Her forehead screwed up. "Yes. After Rob spilled his drink on my dress. The liquor got on the pin. I had the jeweler clean it."
"How did it get under Len's body?"
"I took if off and flung it at Jim. He picked it up, threw it over the bluff. Quick as a rattlesnake, he turned and shoved Len over, too. Len had no time to react."
She kept turning to me, begging for my forgiveness with those eyes almost buried in discolored flesh. "He took me to a motel and when we got in the room, he started punching me. Said I should remember my pin was at the bottom of the bluff with Len's body. That I'd better think up a good reason for it being there. He said it wouldn't do any good to try and involve him, nobody'd believe the wife of a dirty cop."
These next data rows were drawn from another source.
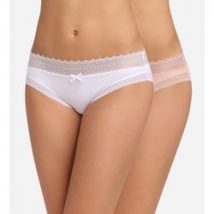Lote de 2 bragas Sexy Fashion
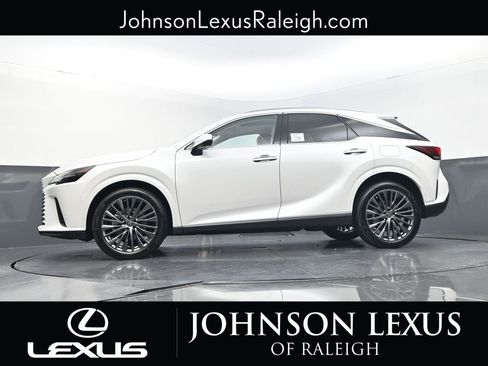 New 2026 Lexus RX 450h 450h+ Luxury image 23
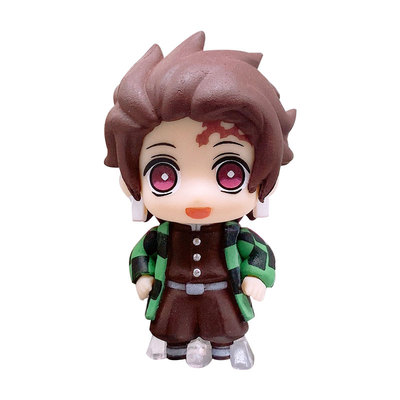 Bandai万代扭蛋鬼灭之刃迷你有货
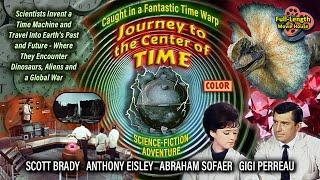 Journey to the Center of Time (1967) — Science-Fiction Adventure Color / Scott Brady, Anthony Eisley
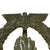 Original German WWII Kriegsmarine Minesweeper War Badge by Rudolf Karneth & Söhne Original Items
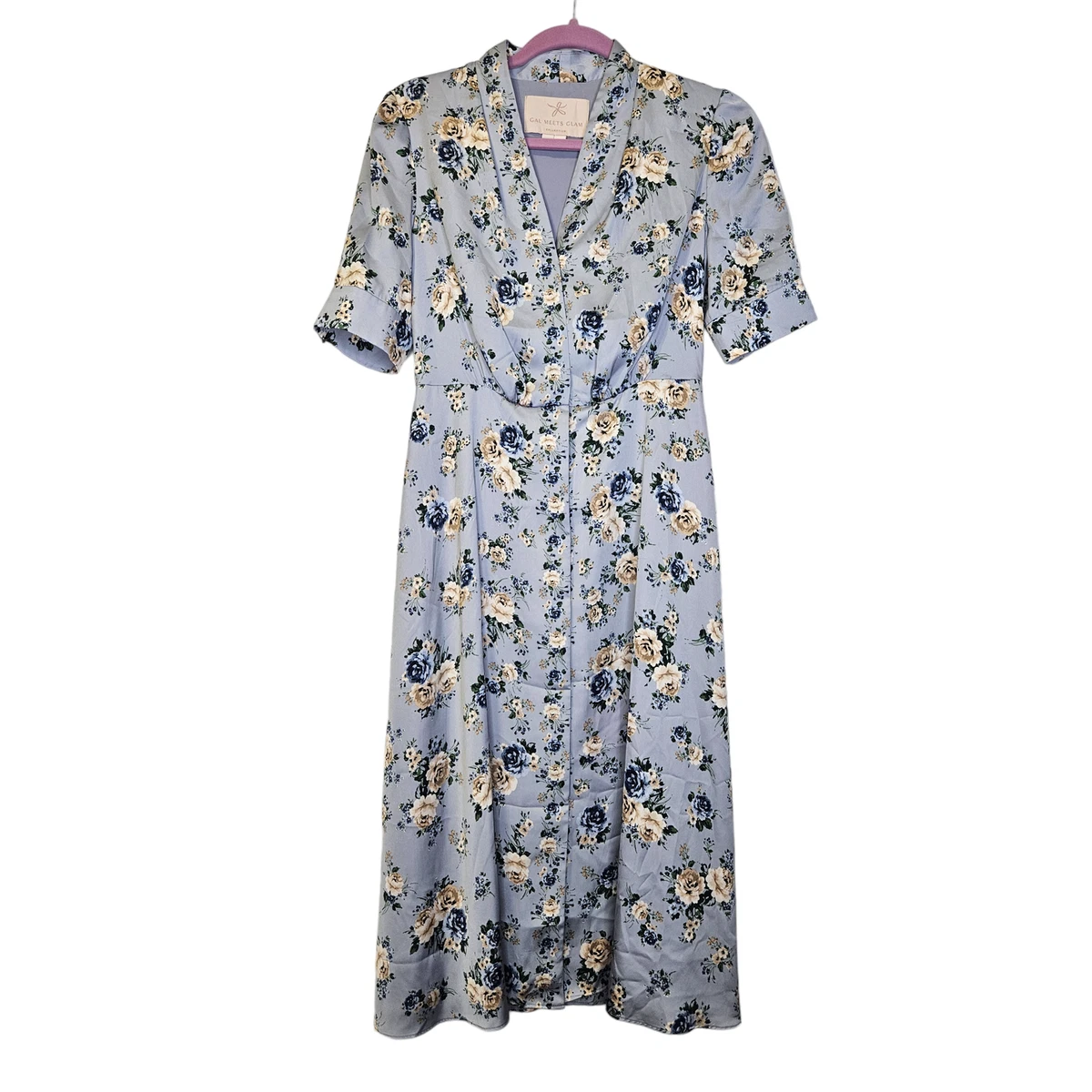 Gal meets glam gemma best sale dress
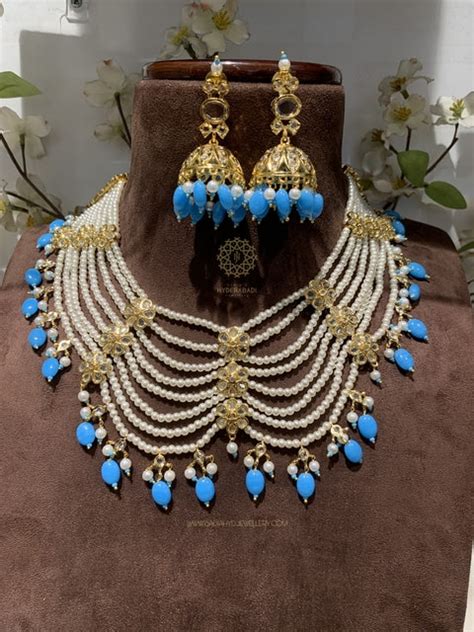 Necklace – Sadiahyderabadi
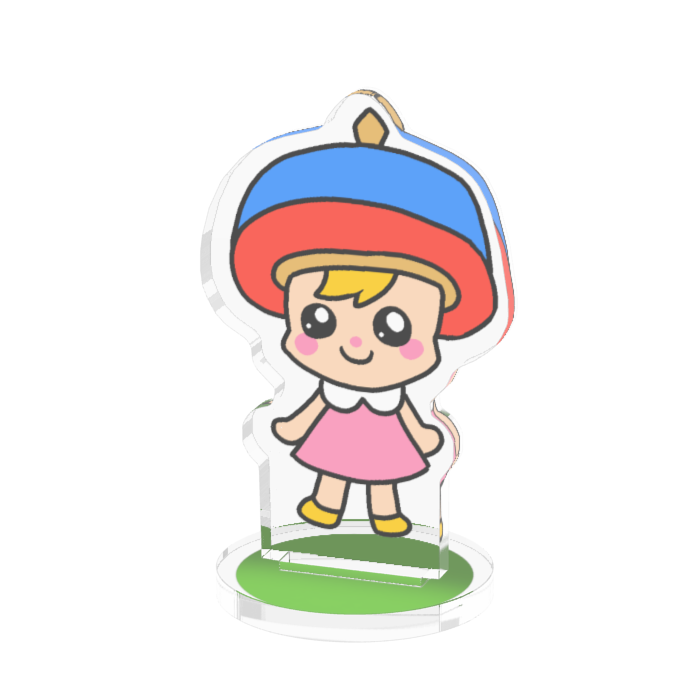 クルリンの声優はどっち？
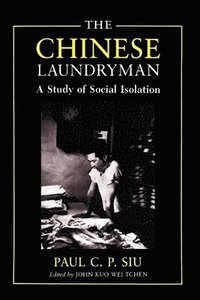 bokomslag The Chinese Laundryman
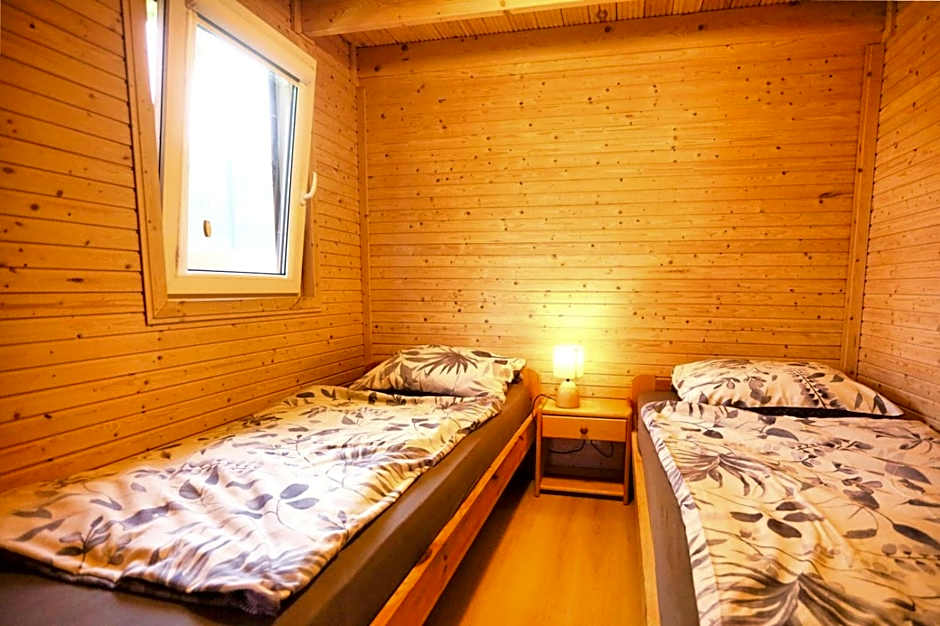 Domki Letniskowe Nad Morzem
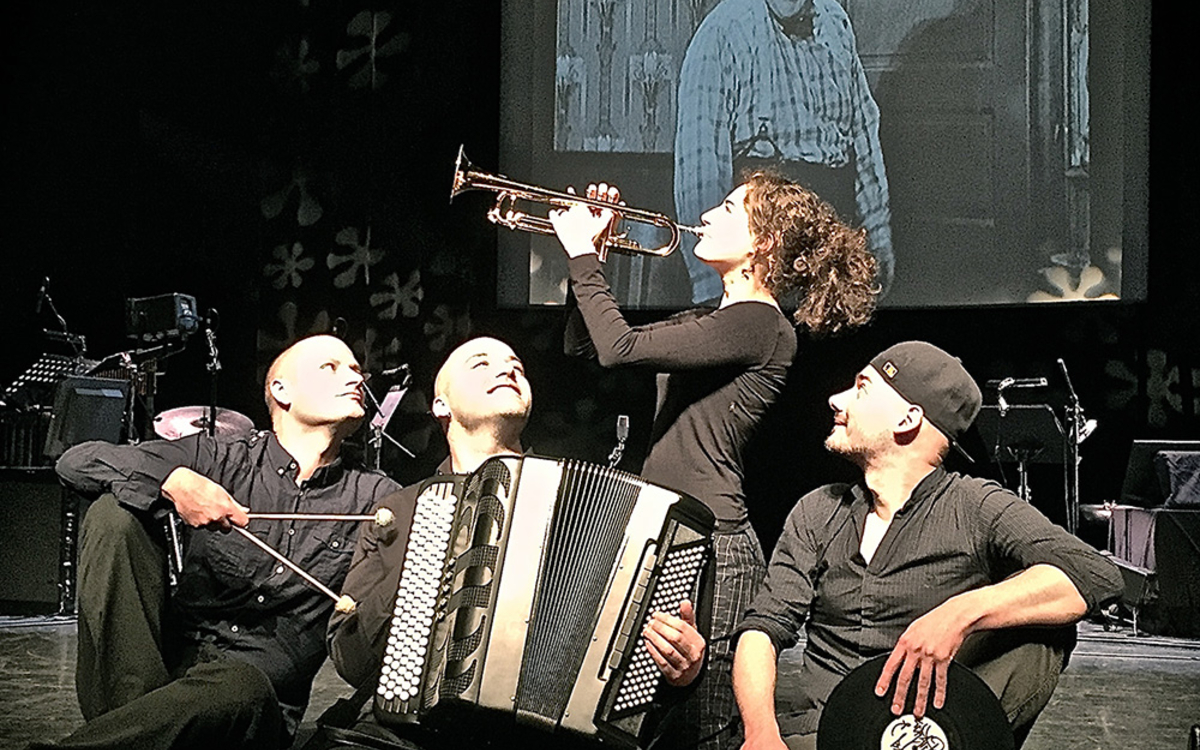 Fatty se déchaîne Maison de la musique de Nanterre Nanterre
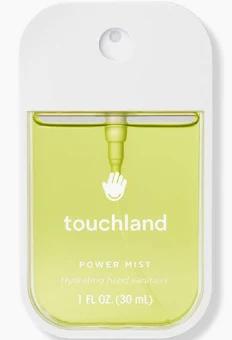 Power Mist Hydrating Hand Sanitizer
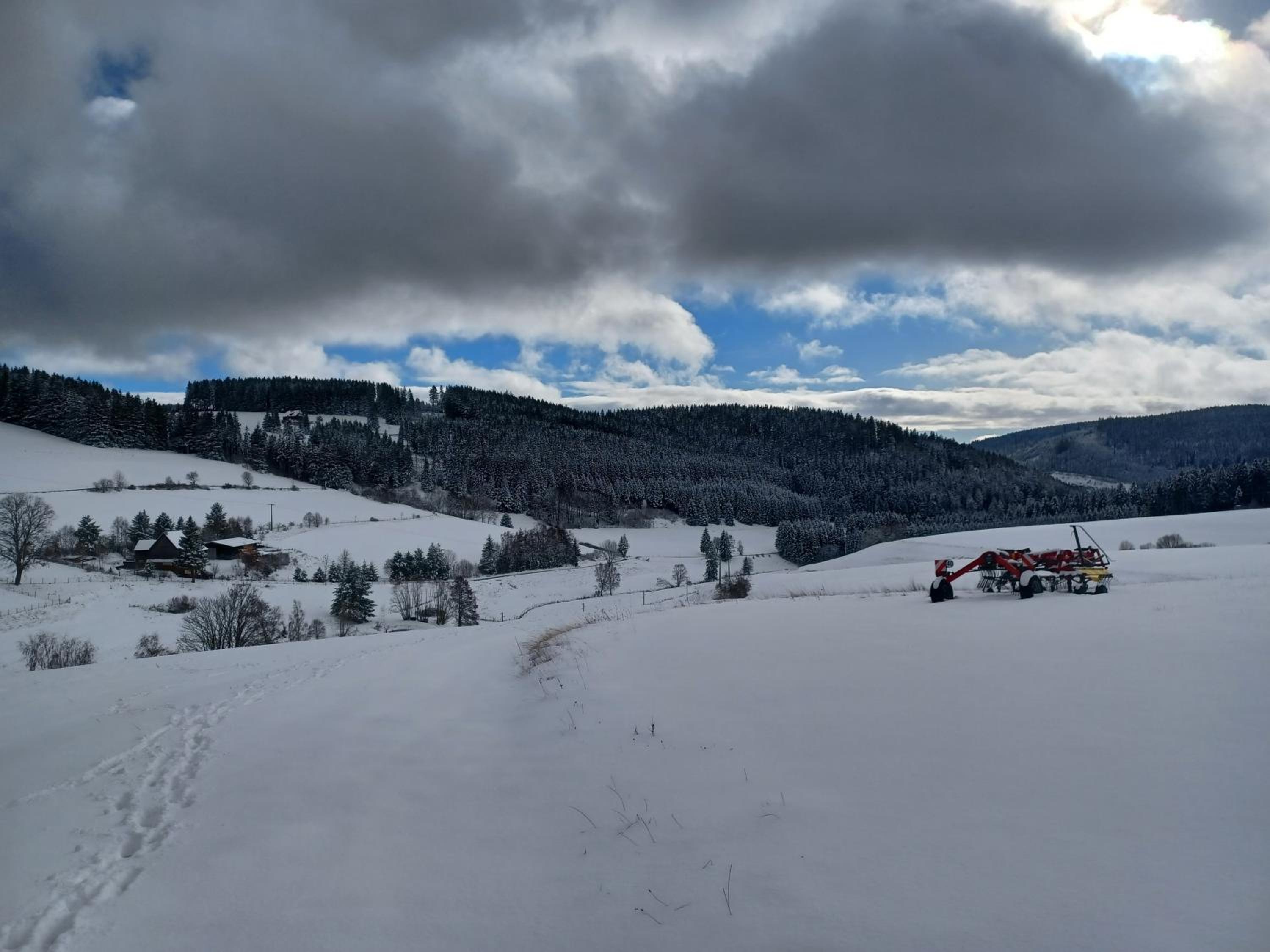 Schwarzwaldblick en Titisee-Neustadt — other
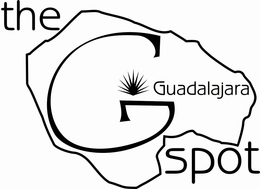 THE G GUADALAJARA SPOT trademark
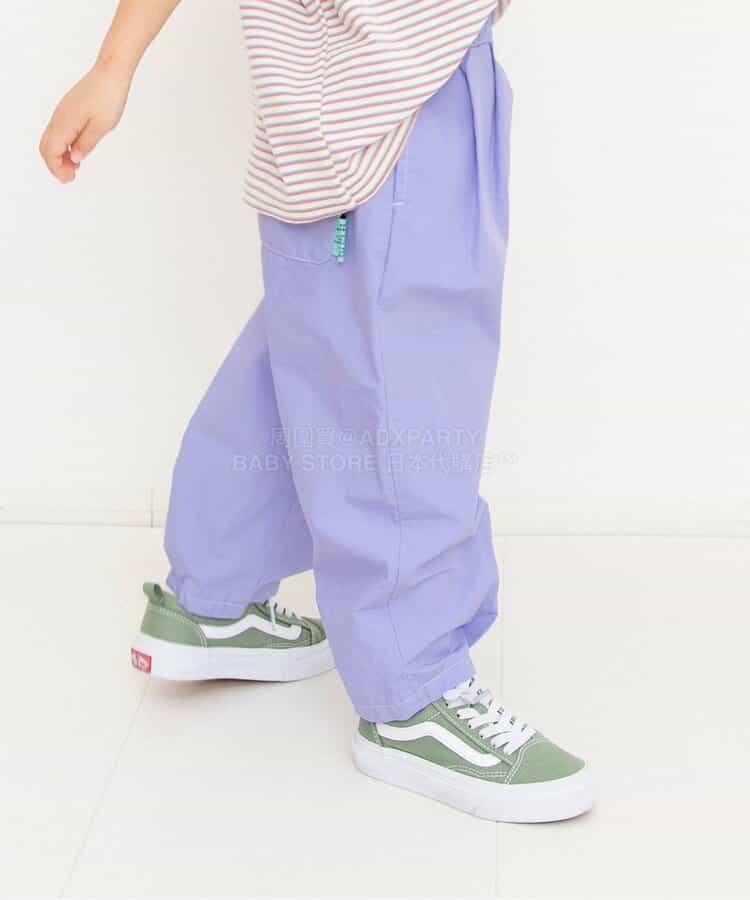 日本童裝 BREEZE 休閒長褲 90-160cm 男童款/女童款 夏季 PANTS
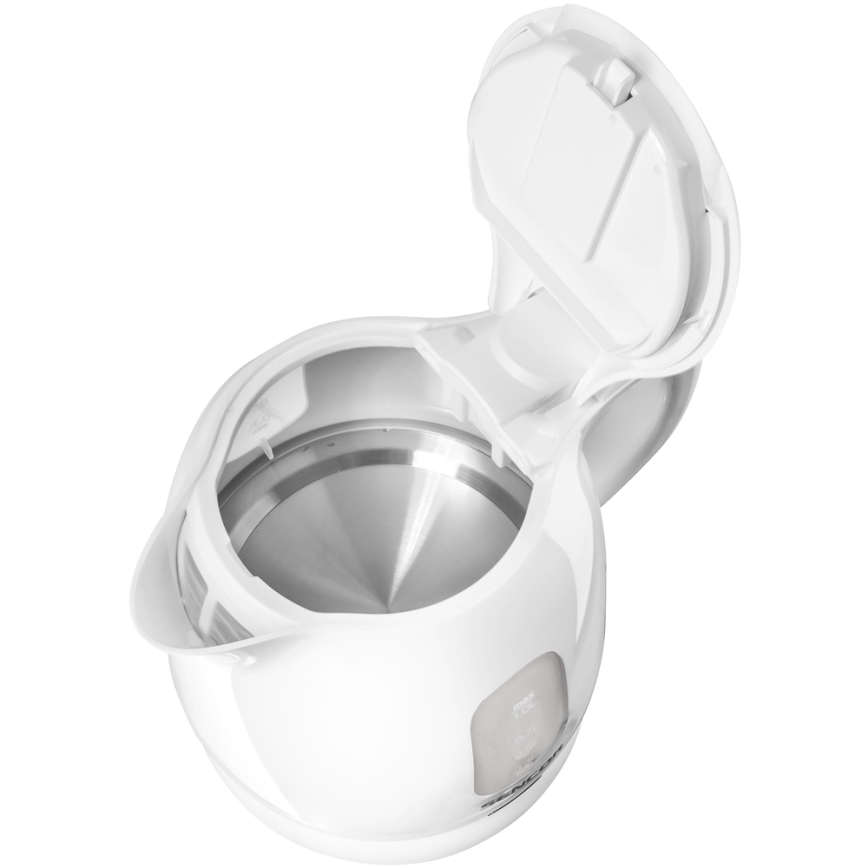 Sencor - Електрочайник 1 л 1100W/230V білий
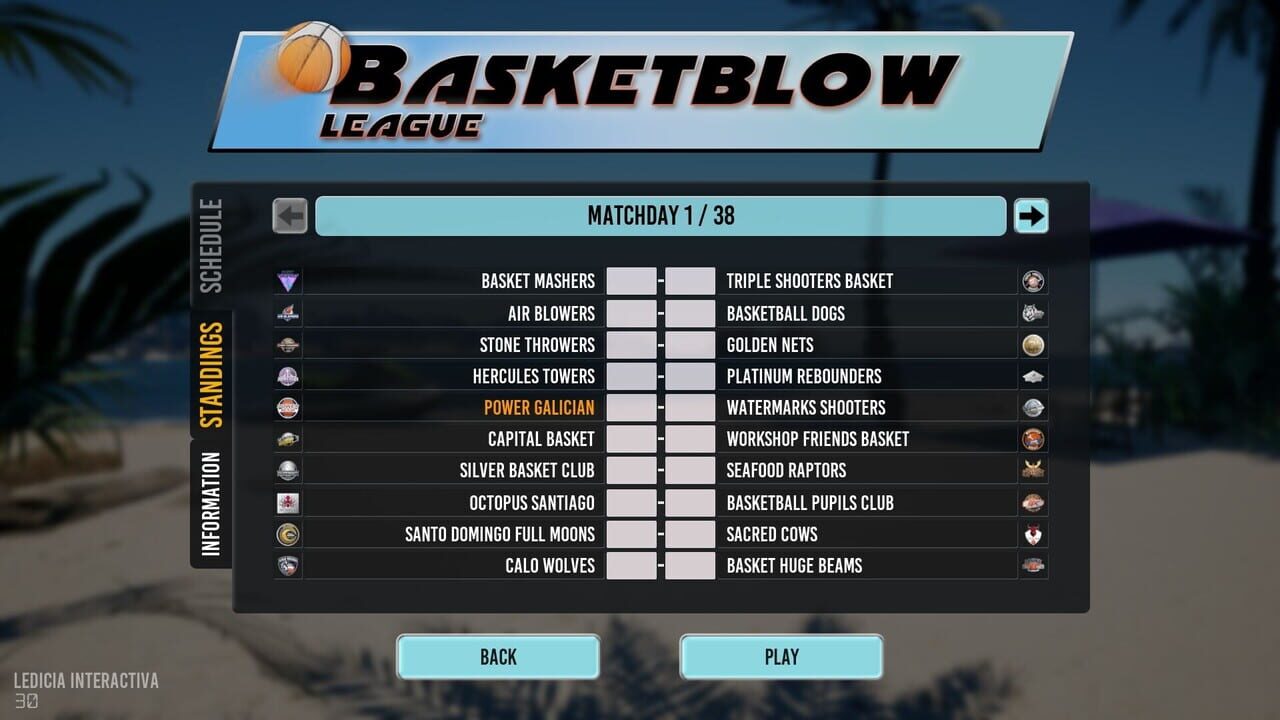 BasketBlow screenshot 7
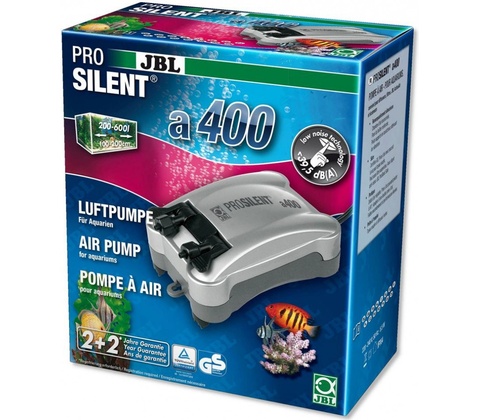 JBL ProSilent A400
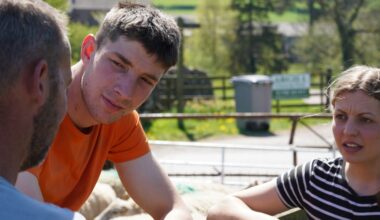 Fans make same demand amid Reuben Owen: Life in the Dales finale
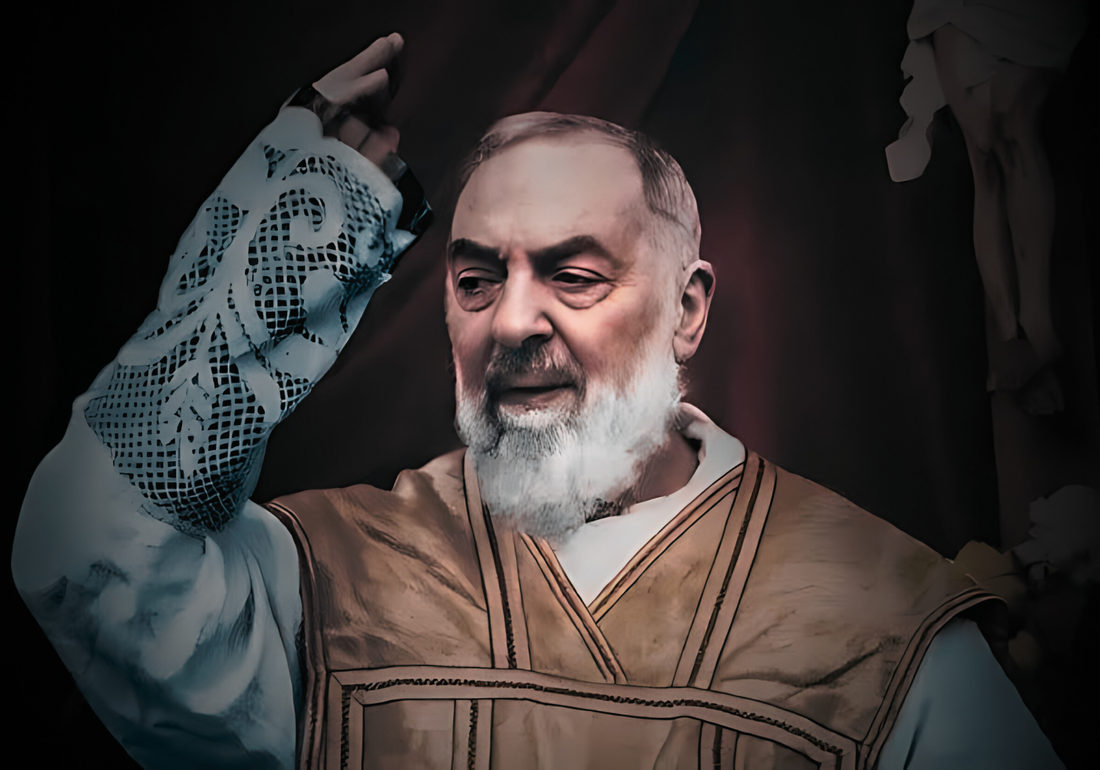 Novena a São Pio de Pietrelcina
I kept hearing Mom's anguished cry when they told her about Len. Once years ago she and Kay had been friends, when Len thought Kay loved him as much as he loved her. Mom might one day forgive her. But I prayed she'd be charged as accessory to Len's murder and spend the rest of her life in prison.
I got my wish, partly. Kay was charged and tried, but got probation. Kanto left for parts unknown and the prosecution couldn't find him to testify. Hellman got life. Unless his lawyer managed to get him in a country club prison, his life probably would not match the actuarial tables.
I debated leaving the force myself, but Frankie and I were talking marriage. A married man needs a steady income.